I’d also like to add my thanks to Xuan Cheng, John Garnaut, James Barker, Mark Stokes and Taylor Fravel for discussions and tips on this topic. They don’t necessarily agree with the content of the article.

~

Propaganda as Policy? Explaining the PLA’s “Hawkish Faction” (Part Two)

Publication: China Brief Volume: 13 Issue: 16

August 9, 2013

By: Andrew Chubb

Rise of the hawks: searches for "China hawkish faction" by logged-in Baidu users since 2008. I'm requesting further info from Baidu regarding the extremely low pre-2010 numbers. One point that can be made with confidence is that user interest in the "Chinese hawkish faction" peaked during the Scarborough Shoal and (especially) Diaoyu Islands crises.

Rise of the hawks: searches for “China hawkish faction” by logged-in Baidu users since 2008. I’m requesting further info from Baidu regarding the extremely low pre-2010 numbers. One point that can be made with confidence is that user interest in the “Chinese hawkish faction” peaked during the Scarborough Shoal and (especially) Diaoyu Islands crises.

If outspoken Chinese military officers are, as Part One suggested, neither irrelevant loudmouths, nor factional warriors, nor yet the voice of the People’s Liberation Army (PLA) on foreign policy, and are instead experts in the PLA-CCP propaganda system, then what might explain the bad publicity they often generate for China? This article explores how the activities of China’s military hawks may contribute to the regime’s domestic and international goals. On a general level, the very appearance of a hawkish faction—the “opera” that Luo Yuan has described—serves the domestic purposes of promoting national unity (Global Times, May 4).

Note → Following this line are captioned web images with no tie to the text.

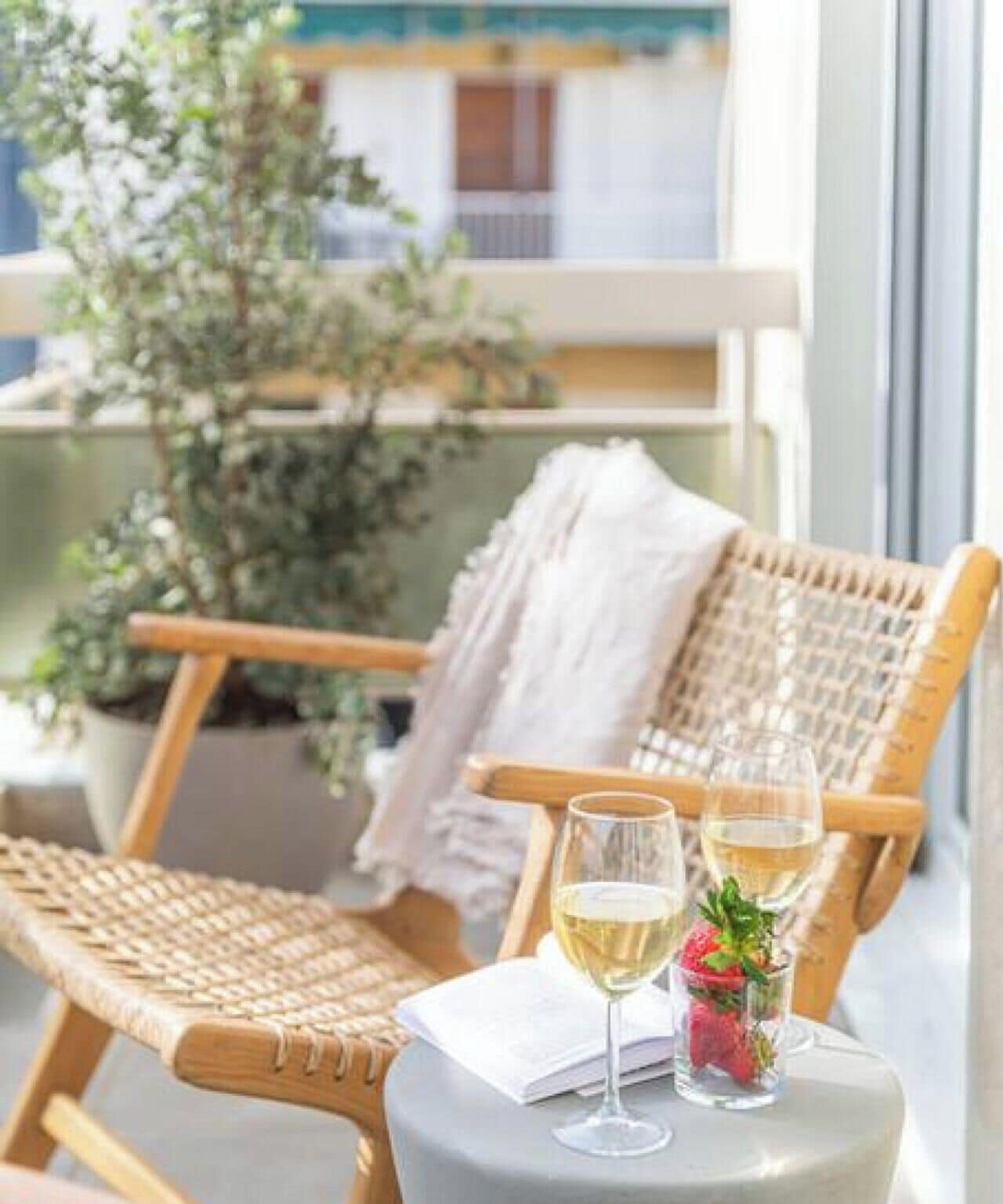 A wicker chair with a white towel, a glass of white wine, and a glass of water on a small table, with a balcony and a building in the background.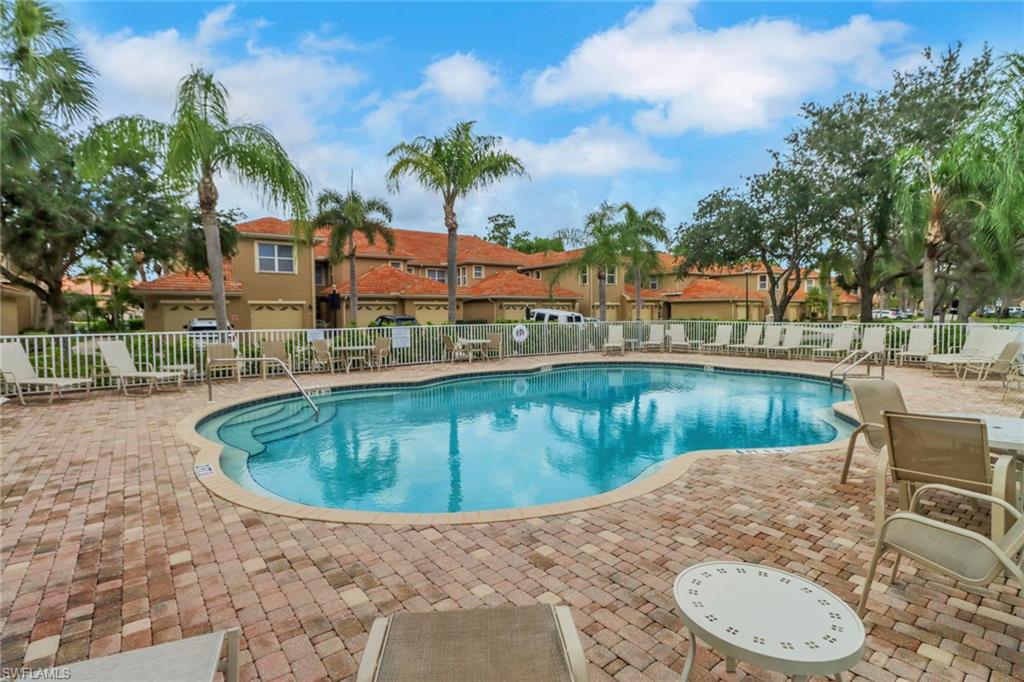 20141 Seagrove Street, Unit 308 Estero, FL 33928 - Photo 36 of 36 a swimming pool with outdoor seating and yard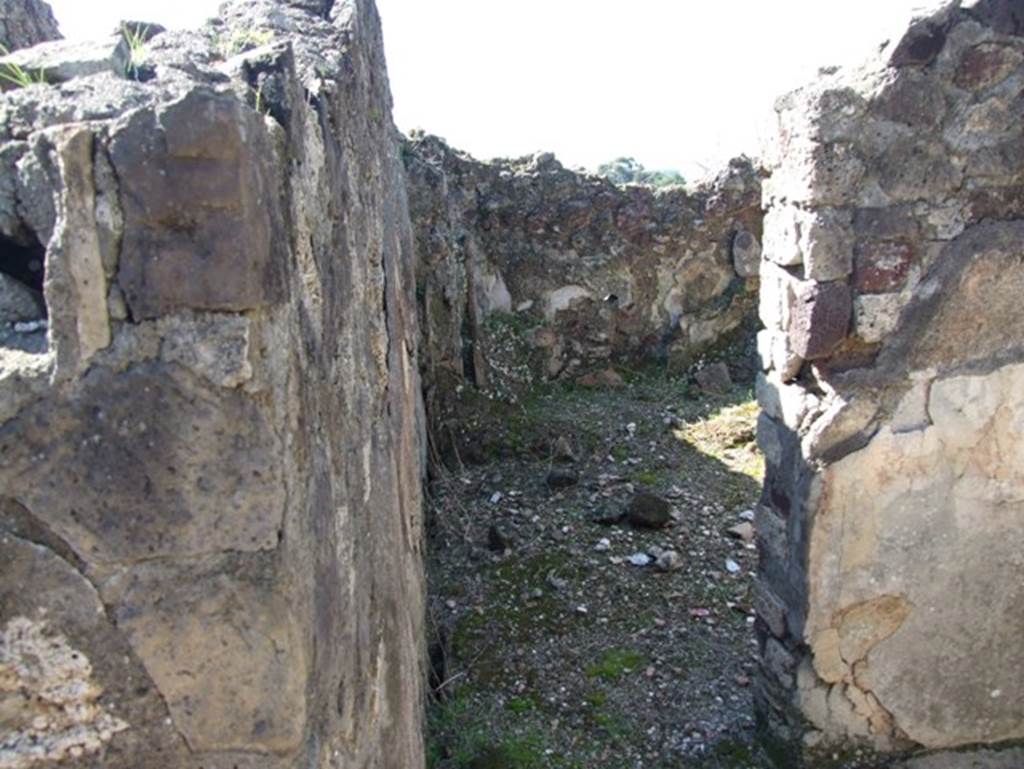 VII.15.2 Pompeii. March 2009. Tepidarium with doorway into caldarium.
The caldarium had a hypocaust system, complete with suspensurae beneath its floor. Regulae mammatae lined its south, west, and north walls. The praefurnium was stoked from the kitchen, which was on the west side.  The wall decoration of the caldarium was Second style, but no further details were recorded.  The floor was paved with cocciopesto.
See Franklin, J.L., 1990. Pompeii, the Casa del Marinaio and its history. Rome: L�Erma di Bretschneider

By amplifying threat awareness and countering perceived Western plots to permeate the psyche of the Chinese populace and army, the “hawks” direct public dissatisfaction with the policy status quo away from the system as a whole. 

In specific crises, such as the standoff at Scarborough Shoal last year or in the wake of the Diaoyu Islands purchase, hard-line remarks from uniformed commentators serve to rally domestic public opinion behind the prospect of military action, instil confidence in the PLA’s willingness to fight over the issue and deter China’s adversary. By amplifying the possibility of otherwise irrational Chinese military action and inevitable escalation should Beijing’s actions be interfered with, they have contributed to a thus-far successful effort to convince the Philippines and Japan to accept the new status quo around Scarborough Shoal and the Diaoyu Islands.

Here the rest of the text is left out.